The Winthrop Family Papers [Transcripts]: A Modest Treasure

作者:Peter Olsen-Harbich博士.D. 候选人里昂·G. Tyler Department of History, William & 玛丽和NERFC研究员

Among the austere manuscripts of the Massachusetts Historical Society’s collection resides an unassuming assemblage. Weighing in at precisely ten boxes, it bears a substantive though middling rank in the vast archival stock of America. An additional marker of ordinary quality concludes the title of the collection: “Transcripts.” These are thus ten boxes of derivative, 复制 papers—primary documents by proxy only. Yet a full examination of the collection title suggests a content that is anything but mundane, for these are the “Winthrop Family Papers [Transcripts],,也被称为Ms. N-2211, 一个转录的宝库, unpublished correspondence from the family whose various progeny presided at the very center of seventeenth-century New Engl和’s political orbit.

As I began my research fellowship at the Society, I fully intended to spend my time entirely with 原始 documents, as I felt any proper historian in an archive should. But in surveying the Society’s catalog in search of 17th-century materials on New Engl和’s diplomacy with indigenous nations, it was obvious that dedicating myself to this collection of copies was in fact the most necessary task. 原始手稿, fully transcribed but never completely published by the Society over its centuries of documentary editing, are almost certainly the largest collection of unprinted personal papers before 1700 in the American archive.
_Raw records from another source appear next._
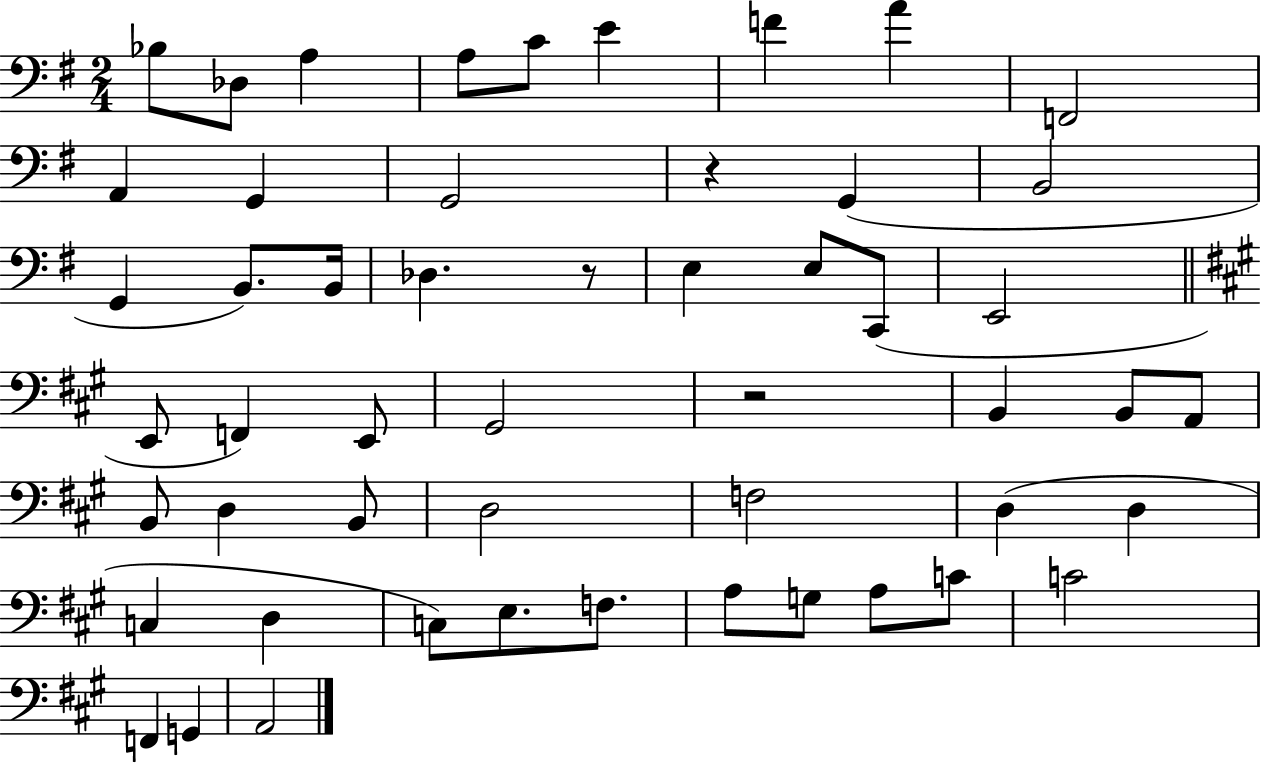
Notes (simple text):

Bb3/e Db3/e A3/q A3/e C4/e E4/q F4/q A4/q F2/h A2/q G2/q G2/h R/q G2/q B2/h G2/q B2/e. B2/s Db3/q. R/e E3/q E3/e C2/e E2/h E2/e F2/q E2/e G#2/h R/h B2/q B2/e A2/e B2/e D3/q B2/e D3/h F3/h D3/q D3/q C3/q D3/q C3/e E3/e. F3/e. A3/e G3/e A3/e C4/e C4/h F2/q G2/q A2/h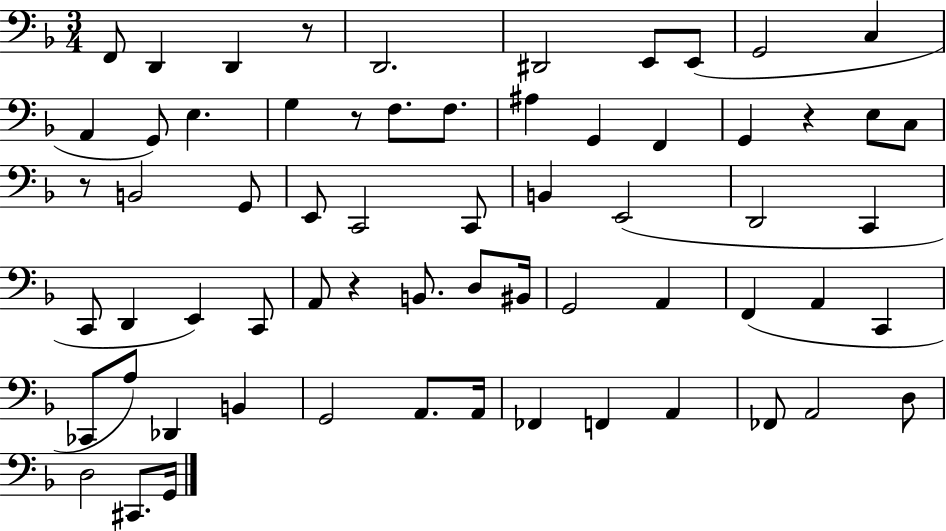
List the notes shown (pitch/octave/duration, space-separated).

F2/e D2/q D2/q R/e D2/h. D#2/h E2/e E2/e G2/h C3/q A2/q G2/e E3/q. G3/q R/e F3/e. F3/e. A#3/q G2/q F2/q G2/q R/q E3/e C3/e R/e B2/h G2/e E2/e C2/h C2/e B2/q E2/h D2/h C2/q C2/e D2/q E2/q C2/e A2/e R/q B2/e. D3/e BIS2/s G2/h A2/q F2/q A2/q C2/q CES2/e A3/e Db2/q B2/q G2/h A2/e. A2/s FES2/q F2/q A2/q FES2/e A2/h D3/e D3/h C#2/e. G2/s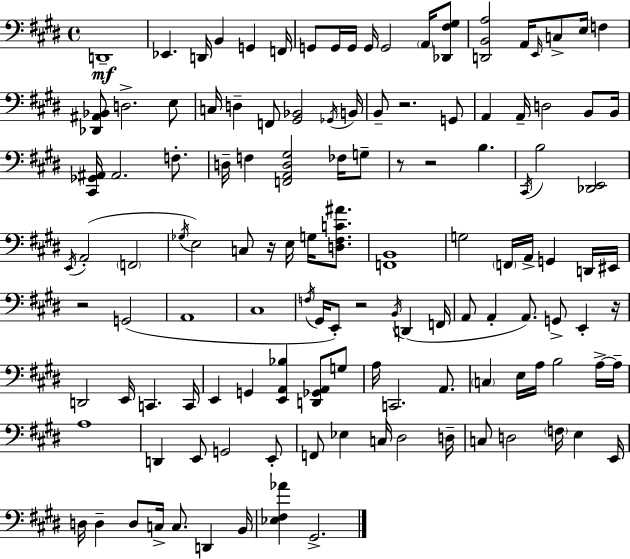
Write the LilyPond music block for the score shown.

{
  \clef bass
  \time 4/4
  \defaultTimeSignature
  \key e \major
  d,1--\mf | ees,4. d,16 b,4 g,4 f,16 | g,8 g,16 g,16 g,16 g,2 \parenthesize a,16 <des, fis gis>8 | <d, b, a>2 a,16 \grace { e,16 } c8-> e16 f4 | \break <des, ais, bes,>8 d2.-> e8 | c16 d4-- f,8 <gis, bes,>2 | \acciaccatura { ges,16 } b,16 b,8-- r2. | g,8 a,4 a,16-- d2 b,8 | \break b,16 <cis, ges, ais,>16 ais,2. f8.-. | d16-- f4 <f, a, d gis>2 fes16 | g8-- r8 r2 b4. | \acciaccatura { cis,16 } b2 <des, e,>2 | \break \acciaccatura { e,16 } a,2-.( \parenthesize f,2 | \acciaccatura { ges16 }) e2 c8 r16 | e16 g16 <d fis c' ais'>8. <f, b,>1 | g2 \parenthesize f,16 a,16-> g,4 | \break d,16 eis,16 r2 g,2( | a,1 | cis1 | \acciaccatura { f16 } gis,16 e,8-.) r2 | \break \acciaccatura { b,16 }( d,4 f,16 a,8 a,4-. a,8.) | g,8-> e,4-. r16 d,2 e,16 | c,4. c,16 e,4 g,4 <e, a, bes>4 | <d, ges, a,>8 g8 a16 c,2. | \break a,8. \parenthesize c4 e16 a16 b2 | a16->~~ a16-- a1 | d,4 e,8 g,2 | e,8-. f,8 ees4 c16 dis2 | \break d16-- c8 d2 | \parenthesize f16 e4 e,16 d16 d4-- d8 c16-> c8. | d,4 b,16 <ees fis aes'>4 gis,2.-> | \bar "|."
}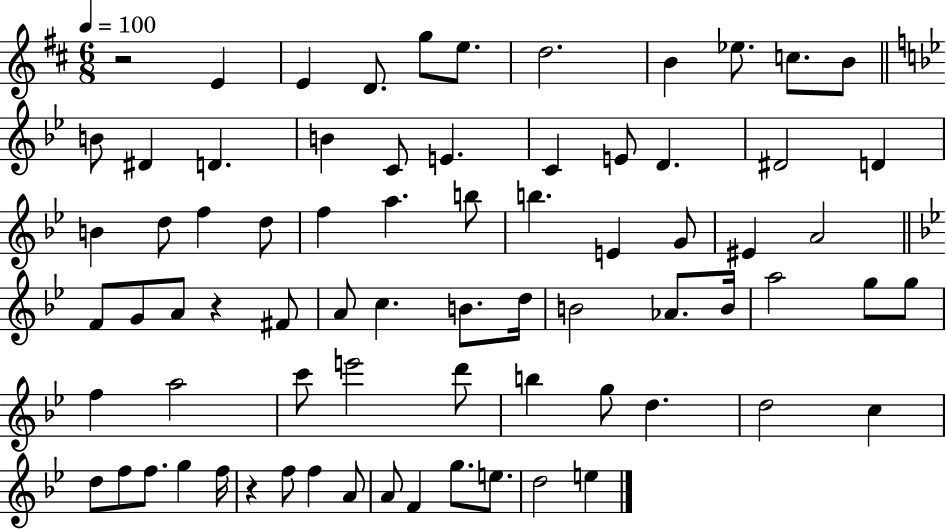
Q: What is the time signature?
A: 6/8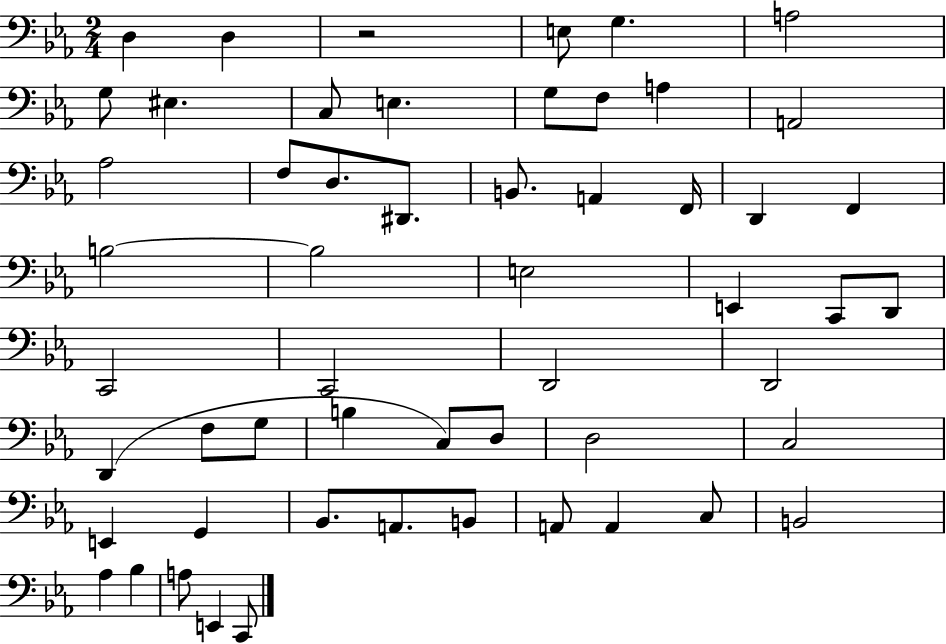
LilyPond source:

{
  \clef bass
  \numericTimeSignature
  \time 2/4
  \key ees \major
  d4 d4 | r2 | e8 g4. | a2 | \break g8 eis4. | c8 e4. | g8 f8 a4 | a,2 | \break aes2 | f8 d8. dis,8. | b,8. a,4 f,16 | d,4 f,4 | \break b2~~ | b2 | e2 | e,4 c,8 d,8 | \break c,2 | c,2 | d,2 | d,2 | \break d,4( f8 g8 | b4 c8) d8 | d2 | c2 | \break e,4 g,4 | bes,8. a,8. b,8 | a,8 a,4 c8 | b,2 | \break aes4 bes4 | a8 e,4 c,8 | \bar "|."
}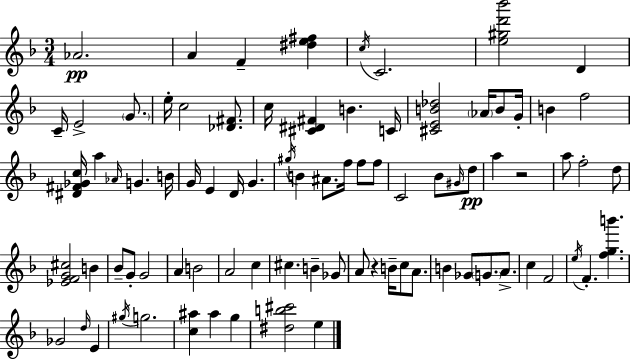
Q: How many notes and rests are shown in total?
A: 84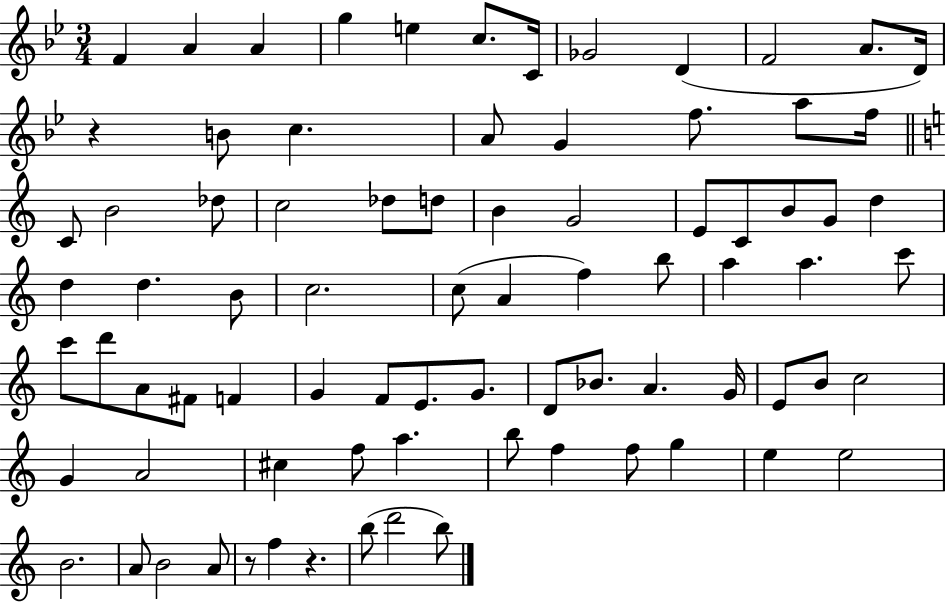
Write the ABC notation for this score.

X:1
T:Untitled
M:3/4
L:1/4
K:Bb
F A A g e c/2 C/4 _G2 D F2 A/2 D/4 z B/2 c A/2 G f/2 a/2 f/4 C/2 B2 _d/2 c2 _d/2 d/2 B G2 E/2 C/2 B/2 G/2 d d d B/2 c2 c/2 A f b/2 a a c'/2 c'/2 d'/2 A/2 ^F/2 F G F/2 E/2 G/2 D/2 _B/2 A G/4 E/2 B/2 c2 G A2 ^c f/2 a b/2 f f/2 g e e2 B2 A/2 B2 A/2 z/2 f z b/2 d'2 b/2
The contents of the collection are too numerous to mention, though they generally survey the frontier period of the Connecticut Colony 和 this epoch’s concomitant conditions of extensive relations with indigenous peoples, agricultural 和 industrial establishment, 和 the disordered medical condition of settler populations. Ms.N-2211, 然后, though modest 和 unremarkable at first glance, is nothing less than the invaluable treasure of the most significant archival project in early American history.

Much of the 温斯洛普论文 has already been published. Six volumes of records from this collection, inclusive of those documents dated from 1498-1654, were printed by the Society in the twentieth-century in two distinct editorial phrases. The first occurred between 1929 和 1947 和 published all the Winthrop family papers dated between 1498 和 1649 in five volumes. It appears that an effort to complete publication of the papers was resumed in the 1960s 和 ran into the late 1980s, during which time the entire collection was transcribed 和 partially annotated. These transcriptions were the tireless 和 diligent work of Dr. 弗莱·古瑟姆少校, whom former MHS Director of Research Conrad Wright recalls clacking on a typewriter in the Society’s stacks deep into the evenings of his early professional years. One additional volume was produced by this effort in 1992, extending the publication’s chronology through 1654. 但博士. Gutheim’s efforts were far vaster than this single volume: she had transcribed the entire collection, with documents spanning 1655-1741 (bulk pre-1700) across the decades of work. As the publication project faded from active endeavor into a Society legacy, the transcripts remained: ten boxes worth of near-perfect paleographic detours around cribbed 17th-century h和.

转录
弗莱·古瑟姆少校 转录 of William Chesebrough [sic] to John Winthrop, Jr.1656年3月26日. Massachusetts Historical Society, Winthrop Family Paper Transcripts, Ms. N-2211. 原始的女士. in Winthrop Family Papers Microfilm, P-350, Reel 5.
Dr. Gutheim’s transcriptions make the 17th century accessible to the professional researcher 和 the curious Bostonian alike. 对于前者这样的人, the transcripts are an indispensable tool for expediting general scans of the collection’s contents, 和 for identifying documents of particular significance to one’s project. When scholars wish to verify the content of the transcriptions against the 原始 manuscripts (though, 我可以保证, they will find this effort generates little), 他们留在协会, 和 缩微胶片 of them is easily accessible at the Library of Congress 和 a variety of American universities. 大约四周后, I was able to read the majority of the transcripts 和 verify the quotations I deemed relevant against the 原始s, undoubtedly saving months of laborious peering at the 原始s. For the likes of casual readers, the transcripts offer an unparalleled opportunity for casual access to the cutting edge of unpublished historical knowledge. It is fair, in other words, to say that Ms. N-2211 punches far above its weight. The Winthrop Papers remain exciting 和 accessible grounds for the excavation of new revelations on early American history.